LESSON #1: THE TROUBLE WITH WANTING TO BE THE CENTER OF ATTENTION--  Being the center of attention is euphoric for those who love it and seek it.  However, it's selfish and takes away from those outside of that center around you.  Also, if that spotlight is a negative one,  it can drag those surrounding people, innocent of your reputation and troubles, down with you.

LESSON #2: THE DANGERS OF CRACK ADDICTION--  The film and Christian Bale's portrayal of Dicky doesn't pull any punches in showing the disastrous effects of crack addiction.  It's a terrible drug that has physical and social effects that can tear more than one life apart.  Concurrently, the road to recovery and beating addiction deserves a part of this lesson.

LESSON #3: THE STRUGGLE OF BIG BROTHER VERSUS LITTLE BROTHER-- The family relationship between younger and older siblings, especially brothers, is equally complicated as it is fascinating.  A favorite of this reviewer is Ron Howard's Backdraft, which makes his guy-cry list.  In so many cases, little brother looks up to big brother and considers him his hero, even if big brother isn't a very good example.  Just like fathers and sons, they will be at odds and compete against each other, yet keep a distant and sometimes unspoken sense of pride and admiration.  Deep down, they respect each other and have an unbreakable bond to do anything for each other. 

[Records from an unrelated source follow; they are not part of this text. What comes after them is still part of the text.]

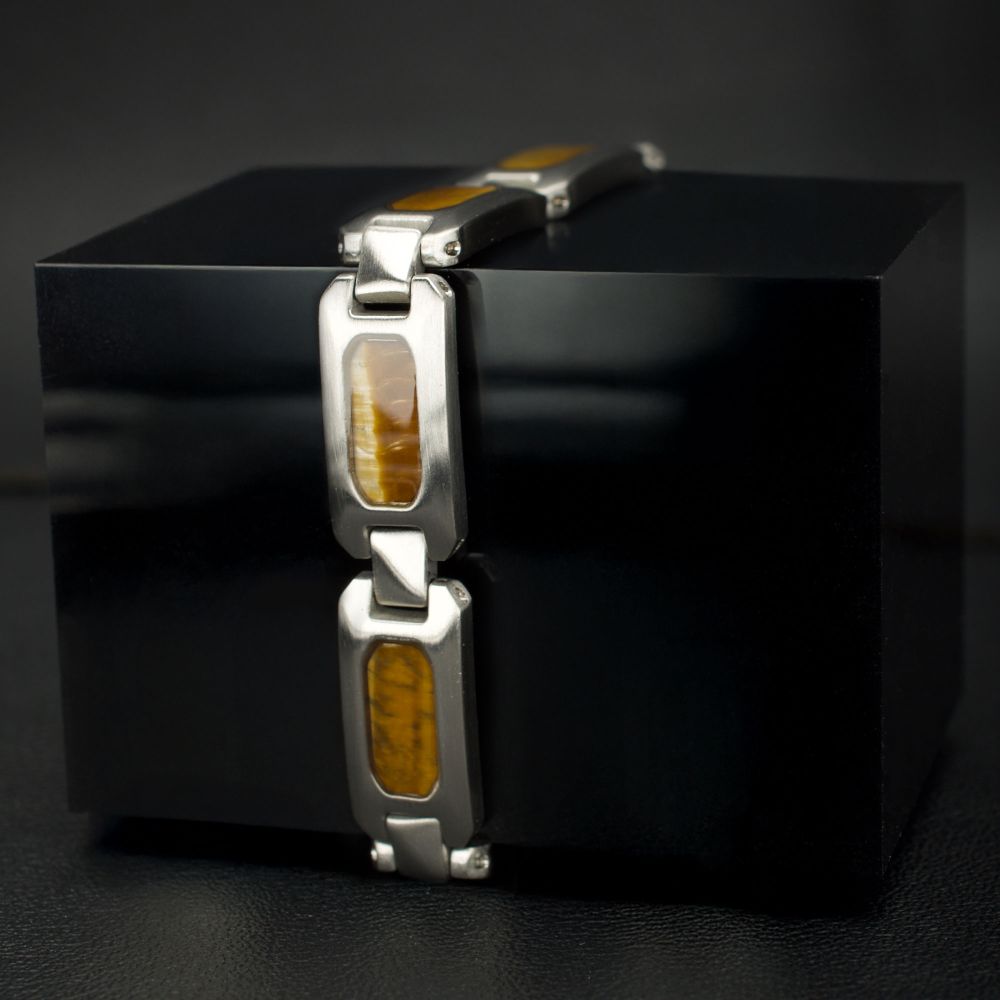 Matte Finish Stainless Steel Tiger Eye Stone Inlay Sizeable Link Bracelet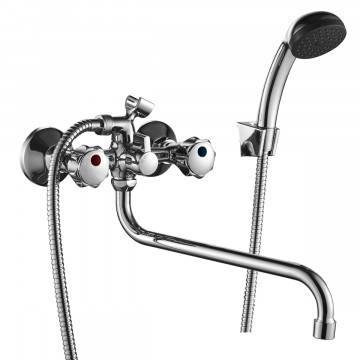 Смеситель для ванны Decoroom двуручный, универсальный DR45045R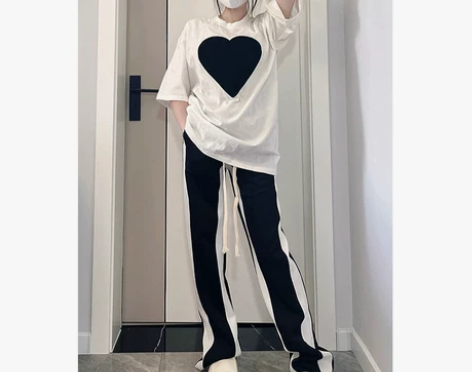 休闲裤女夏薄款设计感小众大码胖mm高腰直筒...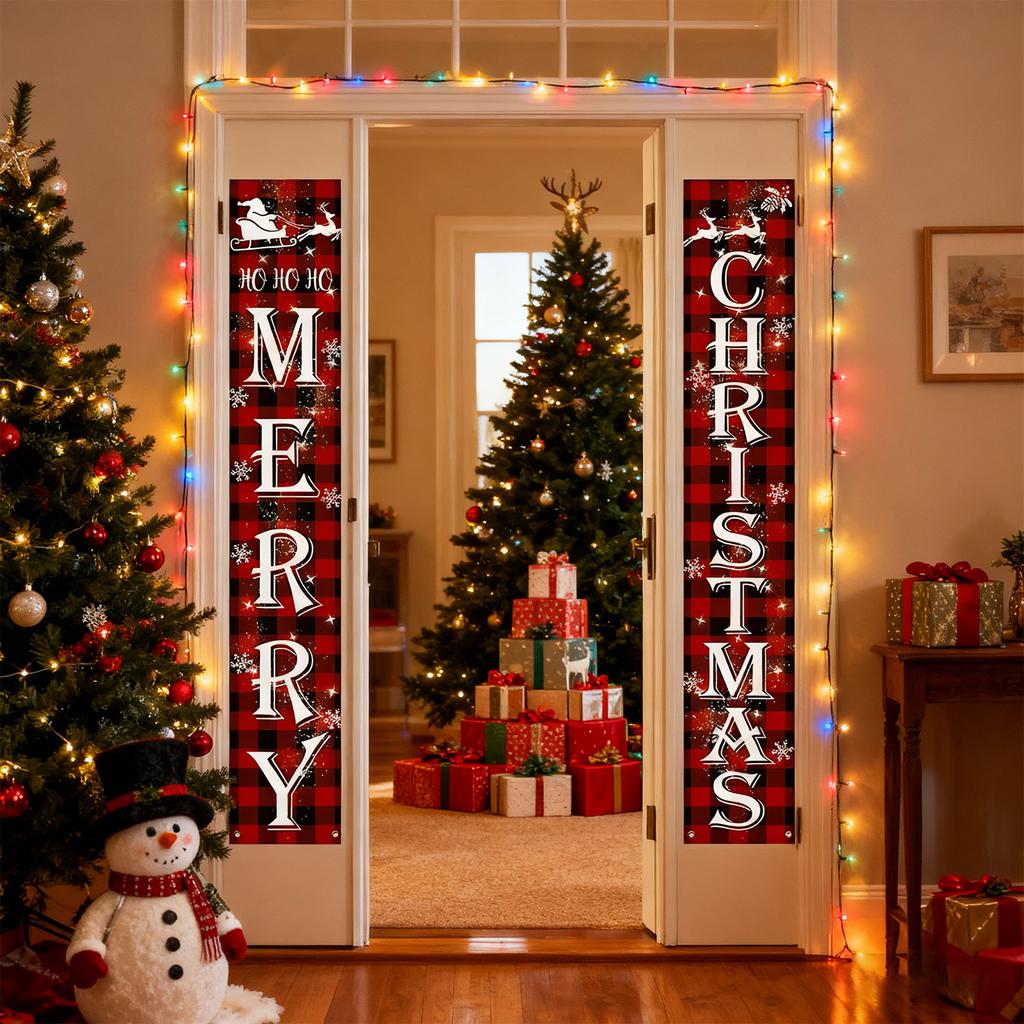Christmas Decoration Door Couplets, Merry Christmas Couplets, Party Party Decorations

LESSON #4: BE MINDFUL OF WHO LOOKS OUT FOR YOUR BEST INTERESTS-- The people who look out for your best interests should love and respect you.  They should know the real you, know what's best for you, never put you in a bad situation for selfish means, and stand by you when hardship or mistakes come your way.  Those people commonly should be your family, but sometimes (much like bad example old brother heroes) they aren't the best choice.  Choose who you trust wisely and make the tough choice to stand by them even when they might not match who's supposed to be in that role.